Sea of colours: Devotees carrying various ‘kavadi’ and ‘paal kudam’ walking towards the temple to make offerings during Thaipusam at Batu Caves.
KUALA LUMPUR: R. Gaithree, 33, shaves the heads of her two young children every Thaipusam as a sign of gratitude to the gods.
She was having trouble conceiving after a year of marriage, and turned to prayers asking for children.
Soon after, she was blessed with a daughter and a son.
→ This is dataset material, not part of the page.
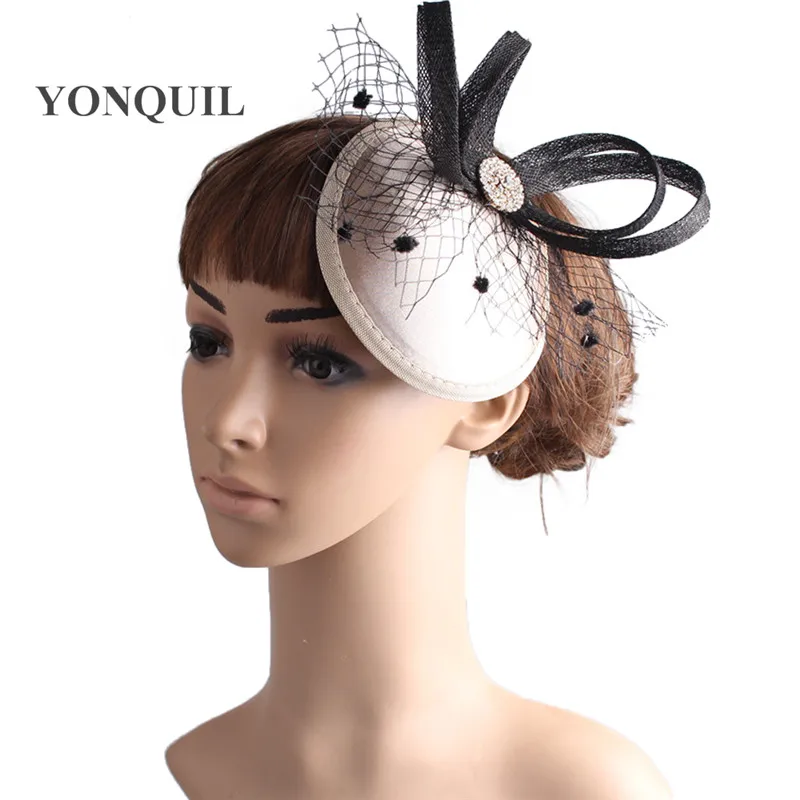 Multiple Color Elegant Wedding Fedora Hats Veils Hair Accessories With Sinamay Trims And Brooch Party Headwear Women Headpiece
The girl is now three, while the boy is two.
“It was an answered prayer for me, and because of that, I bring my daughter and son to Batu Caves every year,” she said.
Gaithree and her husband are among the thousands who make the pilgrimage to Batu Caves as part of their religious devotion.
Thilaga Nallapan, 30, who suffered from an undisclosed illness recently, was at Batu Caves to offer thanks on her recovery.
“When we achieve or hope to achieve a goal in life, we offer a pot of milk to bathe the statues in the temple.
“My parents and I were praying for me to be cured, and now that I am well again I have come to say thank you,” said the administrative executive.
A family of five, lead by 57-year-old Rajendran Manikam, were also spotted in Batu Caves dressed in shades of orange and yellow, carrying jugs of milk up to the temple.
“We have been coming here every year for 20 years now.
“It is a special Thaipusam, because all my three children have graduated and have got good jobs,” said Rajendran.
Also in the crowd was a group of Buddhist monks from Singapore, who were in Malaysia for a visit.
“At first we did not know that there was a celebration here, but having heard of it we decided to take a look for ourselves,” said one of the monks.